REQUIREMENT: Return the listing in full and exactly, but without a single picture.

DATA BLOCK:
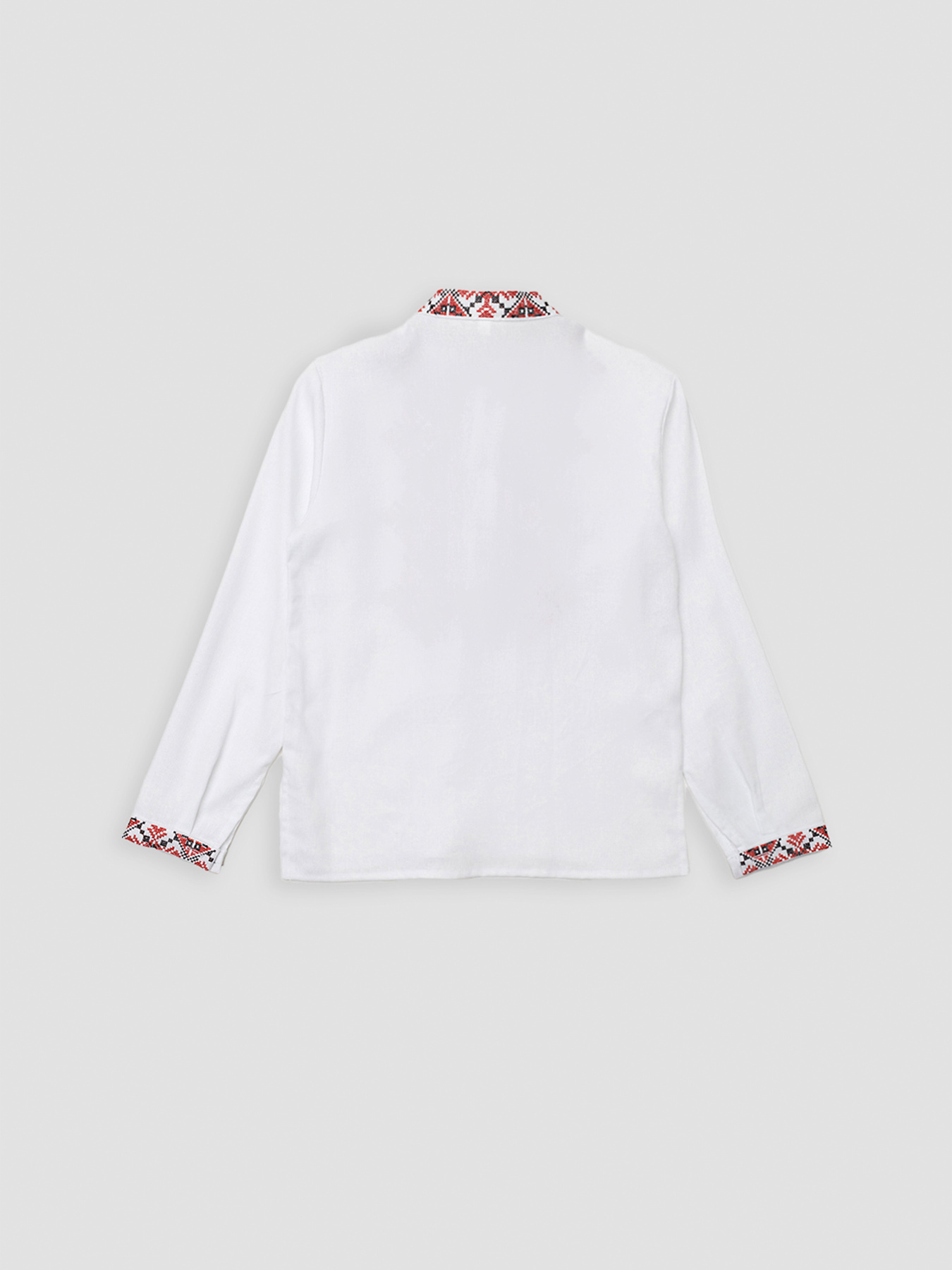 Вышитая рубашка YUKI модель ЦБ-00271160 Фото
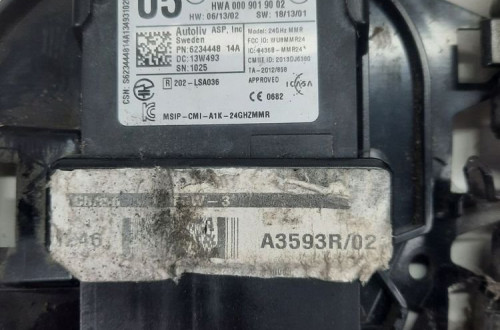 MERCEDES B KLASA W246 W176 RADAR DISTRONIC A0009055103 UCHWYT MOCOWANIE
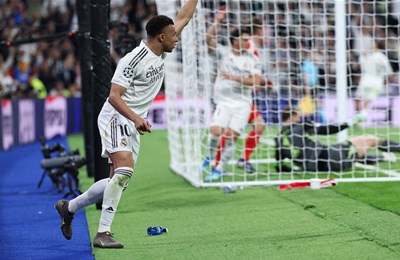 Mbappe se golom protiv Bayerna pridružio Messiju i Lewandowskom u elitnom društvu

REPLY TO THE TASK:
 Вышитая рубашка YUKI модель ЦБ-00271160 Фото
 MERCEDES B KLASA W246 W176 RADAR DISTRONIC A0009055103 UCHWYT MOCOWANIE
 Mbappe se golom protiv Bayerna pridružio Messiju i Lewandowskom u elitnom društvu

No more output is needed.